The aftermath of election 2008 was supposed to be about young voters, and it is, but for an unexpected reason. Young voters (age 18-29) did not turn out in droves as expected, but they did go 2-1 for Barack Obama, a dramatic shift to the Democrats from earlier years.
Already, there is talk of the GOP’s future. Leslie Carbone says to go full bore for the old principles:
For 20 years, conservatives have been carrying water for Republicans who don’t get it, hoping for a dollop of porridge here and there. Now they’ve been unequivocally booted, and we can start over, better off without them.
The sun has set on the era of big-government Republicanism. And yes, we are entering a period of darkness. But we can bring morning back to America.
Many others have said similar things, only to be shouted down as fools for being so doctrinaire at a time when voters want the parties to work together. I don’t by the criticism – if the American people wanted Democrats to work with Republicans, they would have elected more of the latter.

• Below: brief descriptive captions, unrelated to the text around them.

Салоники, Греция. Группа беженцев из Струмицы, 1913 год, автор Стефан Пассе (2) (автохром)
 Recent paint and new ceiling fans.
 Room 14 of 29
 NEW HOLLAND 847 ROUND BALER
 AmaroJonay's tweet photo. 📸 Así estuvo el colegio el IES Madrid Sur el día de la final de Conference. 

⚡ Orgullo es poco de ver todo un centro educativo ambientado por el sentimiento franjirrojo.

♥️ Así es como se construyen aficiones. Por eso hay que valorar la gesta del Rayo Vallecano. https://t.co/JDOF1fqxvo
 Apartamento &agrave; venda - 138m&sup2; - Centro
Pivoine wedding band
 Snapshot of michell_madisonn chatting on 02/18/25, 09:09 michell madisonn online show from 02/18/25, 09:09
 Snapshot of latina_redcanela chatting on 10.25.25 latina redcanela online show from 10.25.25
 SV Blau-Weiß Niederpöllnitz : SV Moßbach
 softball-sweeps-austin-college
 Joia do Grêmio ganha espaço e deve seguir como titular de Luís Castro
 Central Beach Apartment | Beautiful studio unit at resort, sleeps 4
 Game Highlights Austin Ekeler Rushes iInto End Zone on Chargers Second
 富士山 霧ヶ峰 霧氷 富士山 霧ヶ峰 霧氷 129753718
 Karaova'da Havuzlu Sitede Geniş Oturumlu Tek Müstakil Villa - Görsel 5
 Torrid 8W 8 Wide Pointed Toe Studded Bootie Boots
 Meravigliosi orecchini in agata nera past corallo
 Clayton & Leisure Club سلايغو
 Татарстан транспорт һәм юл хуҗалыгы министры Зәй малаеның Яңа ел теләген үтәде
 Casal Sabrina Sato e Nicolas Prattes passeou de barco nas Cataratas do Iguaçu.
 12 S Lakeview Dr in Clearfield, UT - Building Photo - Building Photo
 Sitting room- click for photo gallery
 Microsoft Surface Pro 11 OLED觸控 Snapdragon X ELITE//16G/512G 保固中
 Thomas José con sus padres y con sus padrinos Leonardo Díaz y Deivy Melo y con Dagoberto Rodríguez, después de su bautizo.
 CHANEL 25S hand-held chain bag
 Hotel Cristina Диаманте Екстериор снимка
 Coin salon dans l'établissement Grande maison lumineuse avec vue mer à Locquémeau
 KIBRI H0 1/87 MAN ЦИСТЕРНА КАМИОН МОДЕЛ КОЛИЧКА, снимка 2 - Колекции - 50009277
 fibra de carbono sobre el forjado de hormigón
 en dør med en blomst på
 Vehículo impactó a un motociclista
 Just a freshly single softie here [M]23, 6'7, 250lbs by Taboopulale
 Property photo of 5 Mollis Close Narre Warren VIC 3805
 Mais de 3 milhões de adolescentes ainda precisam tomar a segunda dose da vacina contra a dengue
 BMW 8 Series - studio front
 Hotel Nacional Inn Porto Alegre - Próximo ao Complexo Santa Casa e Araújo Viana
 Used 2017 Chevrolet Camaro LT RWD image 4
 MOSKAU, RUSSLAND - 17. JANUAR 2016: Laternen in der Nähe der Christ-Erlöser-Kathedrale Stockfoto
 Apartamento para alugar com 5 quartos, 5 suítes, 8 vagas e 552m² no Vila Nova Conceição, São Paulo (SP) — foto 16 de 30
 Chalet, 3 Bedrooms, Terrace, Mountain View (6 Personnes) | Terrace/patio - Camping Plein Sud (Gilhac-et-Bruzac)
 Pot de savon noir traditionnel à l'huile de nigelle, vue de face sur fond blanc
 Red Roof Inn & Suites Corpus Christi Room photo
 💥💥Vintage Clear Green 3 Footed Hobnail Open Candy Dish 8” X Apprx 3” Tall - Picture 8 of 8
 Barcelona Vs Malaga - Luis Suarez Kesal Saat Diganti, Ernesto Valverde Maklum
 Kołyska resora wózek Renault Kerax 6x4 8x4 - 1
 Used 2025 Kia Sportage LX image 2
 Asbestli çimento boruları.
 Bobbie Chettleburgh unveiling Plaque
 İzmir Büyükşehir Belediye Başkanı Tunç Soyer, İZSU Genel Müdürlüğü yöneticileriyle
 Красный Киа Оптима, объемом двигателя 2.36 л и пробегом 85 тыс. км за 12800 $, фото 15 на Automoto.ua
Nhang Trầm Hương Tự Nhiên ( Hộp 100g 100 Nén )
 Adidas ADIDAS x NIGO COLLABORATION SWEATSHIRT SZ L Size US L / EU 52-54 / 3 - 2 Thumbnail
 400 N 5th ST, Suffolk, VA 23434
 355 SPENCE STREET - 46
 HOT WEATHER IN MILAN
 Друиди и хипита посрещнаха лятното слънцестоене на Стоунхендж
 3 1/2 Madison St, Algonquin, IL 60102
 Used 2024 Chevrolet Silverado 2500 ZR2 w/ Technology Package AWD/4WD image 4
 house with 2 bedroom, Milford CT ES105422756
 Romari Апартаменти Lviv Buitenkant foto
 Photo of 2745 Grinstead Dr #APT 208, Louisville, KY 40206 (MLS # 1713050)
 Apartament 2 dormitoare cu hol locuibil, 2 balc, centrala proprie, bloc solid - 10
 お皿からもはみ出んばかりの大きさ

Still, we will hear a lot about how young voters in particular are so enthralled by Obama that any opposition to his big-government domestic plans will lose the GOP a generation of voters. Not so fast.
See, those of us who remember when the Republicans were the party of limited government consider those days either halcyon or so far in the past as to be useless. What we tend to forget is this: it was so long ago that young voters don’t remember it.
The last time the Republican Party stuck its neck out and went “to the mattresses” on limited government was the “government shutdown” of 1995. Say what you will about it, the party establishment has been spooked ever since. Thus Gingrich et al rolled over to Clinton’s spendthrift demands in 1998 and hoped Monica Lewinsky would rescue them (she didn’t). George W. Bush ran on “compassionate conservatism” and caught a break when Al Gore’s voters concentrated themselves too heavily in the northeast; then he (Bush) ran for re-election on national security issues, and won. We all remember 2006 and last Tuesday.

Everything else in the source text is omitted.